━━━━━ Supplied records

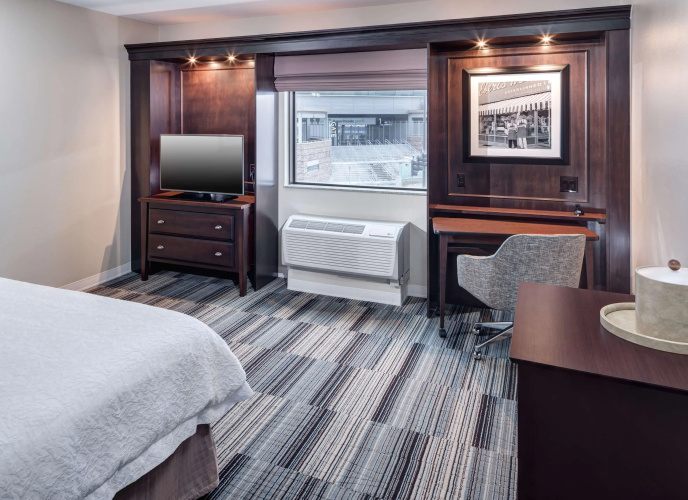 Hampton Inn & Suites Omaha-Downtown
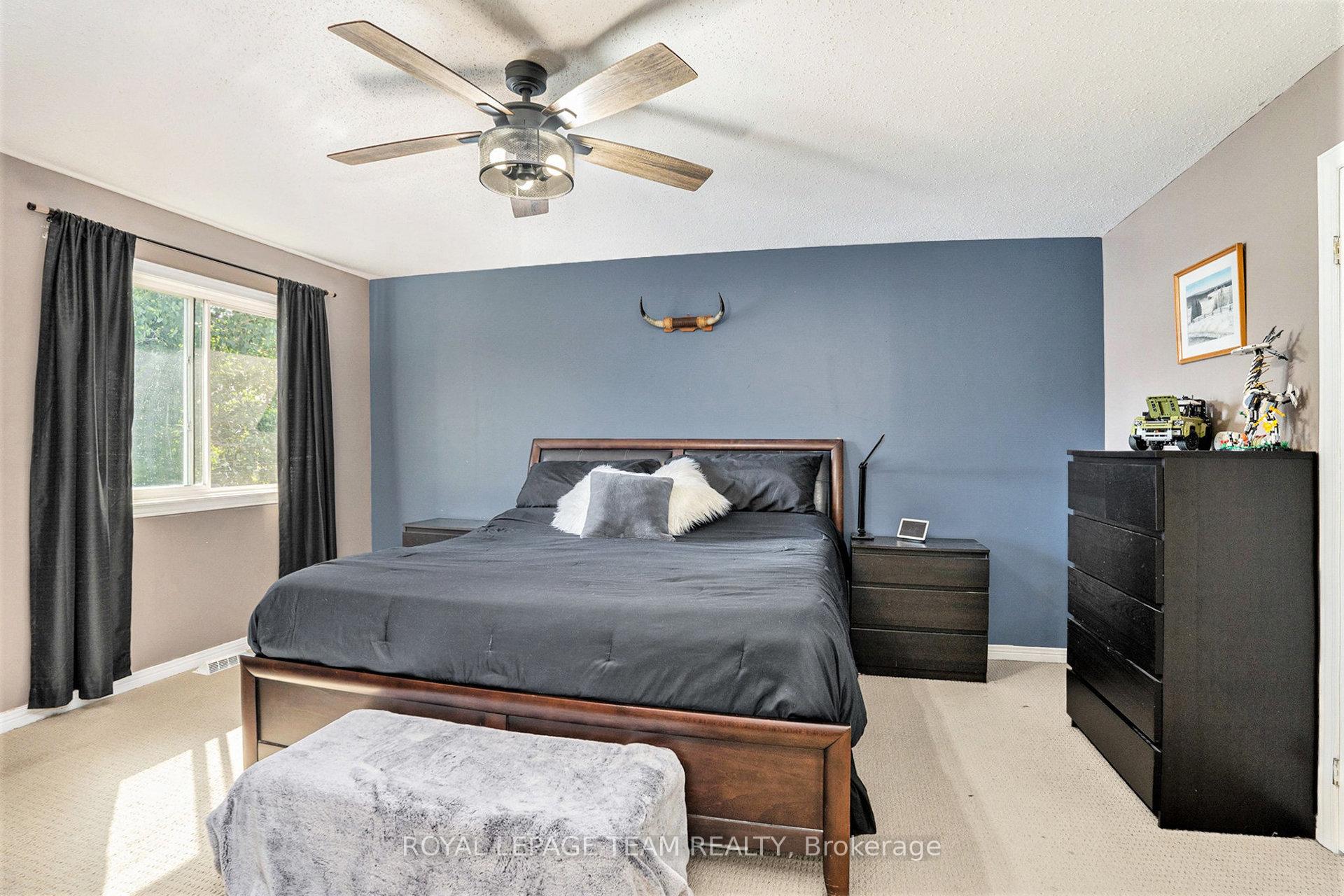 Photo 17 of 5 Sunnybrooke Drive, Ottawa, Kanata - Emerald Meadows/Trailwest — HOMEH
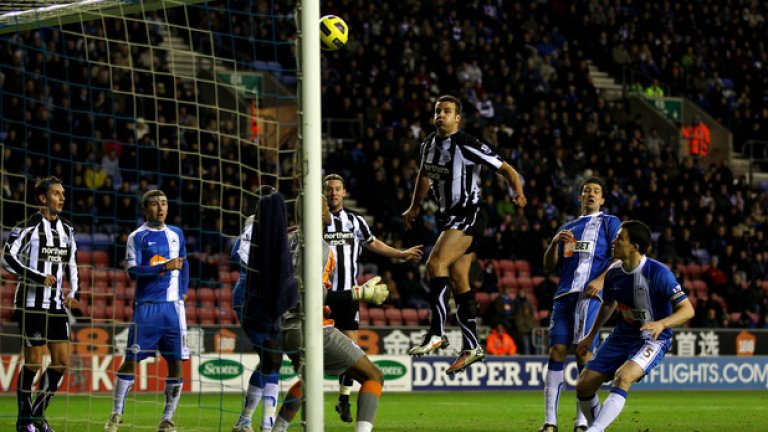 Стивън Тейлър (Нюкасъл).
Ексцентрикът, местно момче и един от привържениците на терена. Класика. Тейлър (извисил се да вкара с глава на снимката) е стълб в защитата, прави елементарни грешки, но е готов да слага главата си пред топката, за да не е тя във вратата на Нюкасъл. В клуба е цялата си кариера - вече 12 години.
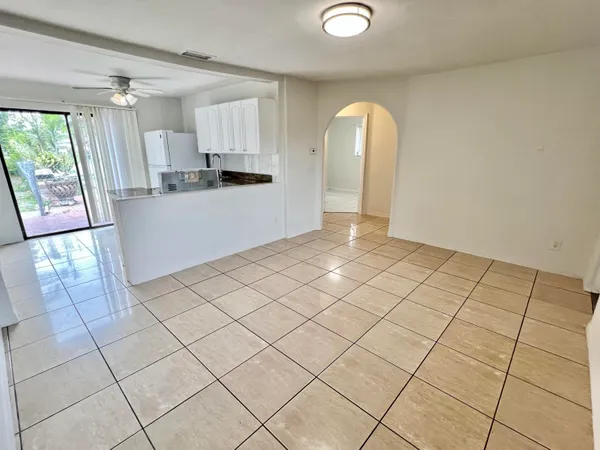 $2,600 | 6129 Funston Street, Hollywood, FL 33023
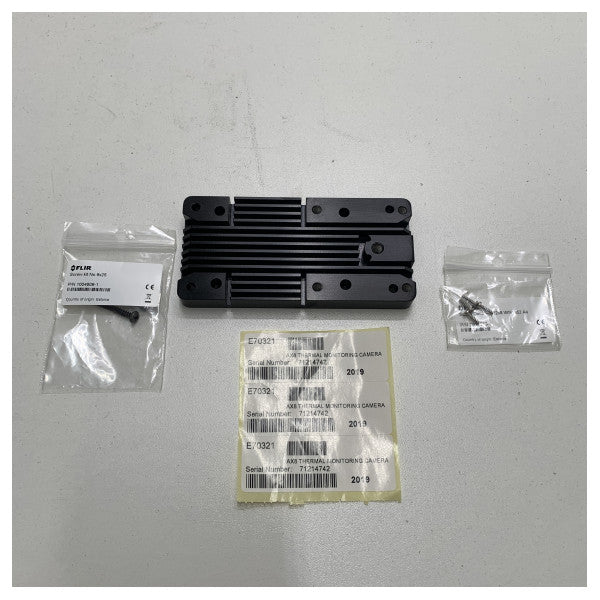 Placa de arrefecimento em alumínio Flir AX8 da Raymarine - R70491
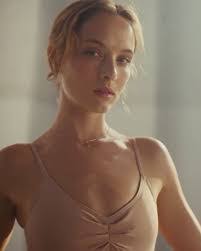 Amanda Ashurst's Instagram, Twitter & Facebook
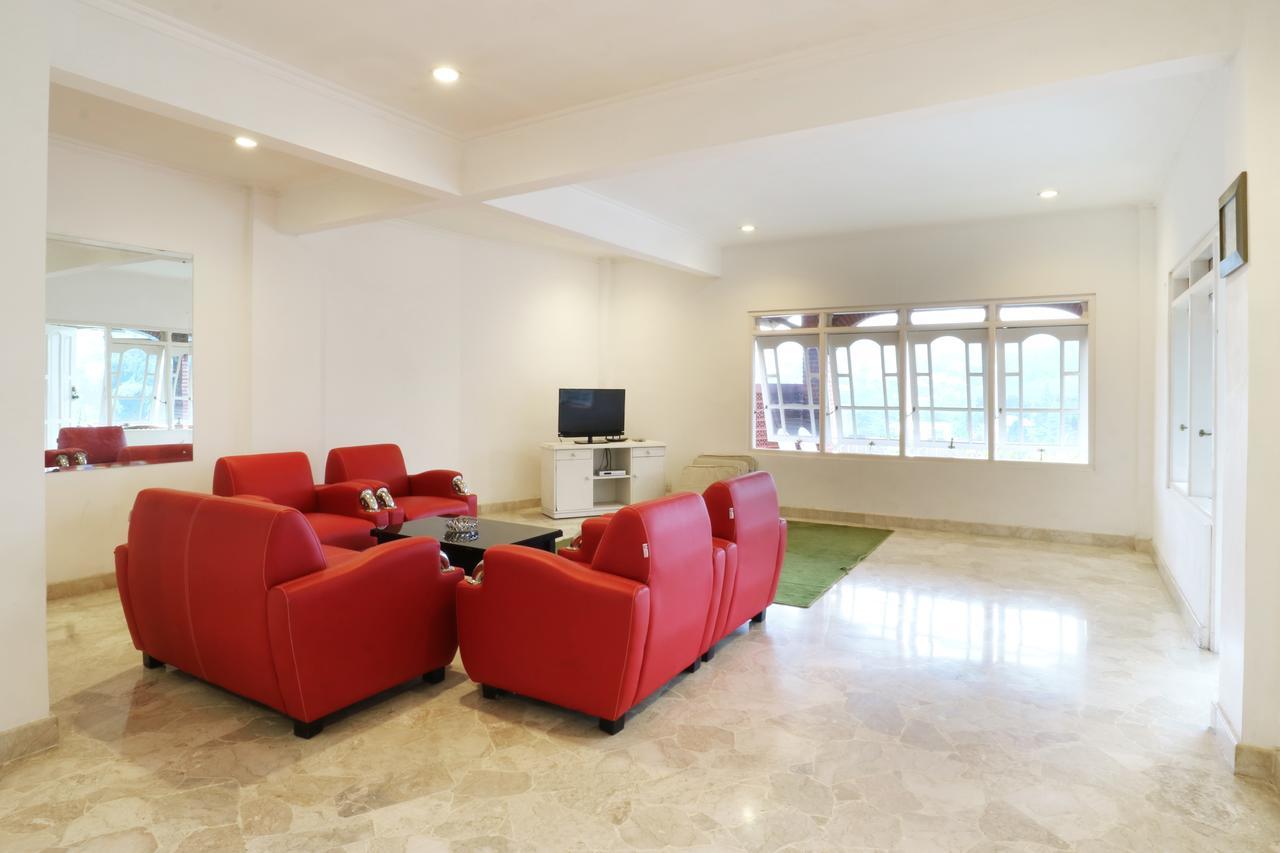 Villa Madani Paragajen 외부 사진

━━━━━━━━━━

- Work request: Set down nothing but the lines from the one containing "Hollywood, FL 33023" to the final line above, both included, with every picture left out.

- Solution for this exercise:
 $2,600 | 6129 Funston Street, Hollywood, FL 33023
 Placa de arrefecimento em alumínio Flir AX8 da Raymarine - R70491
 Amanda Ashurst's Instagram, Twitter & Facebook
 Villa Madani Paragajen 외부 사진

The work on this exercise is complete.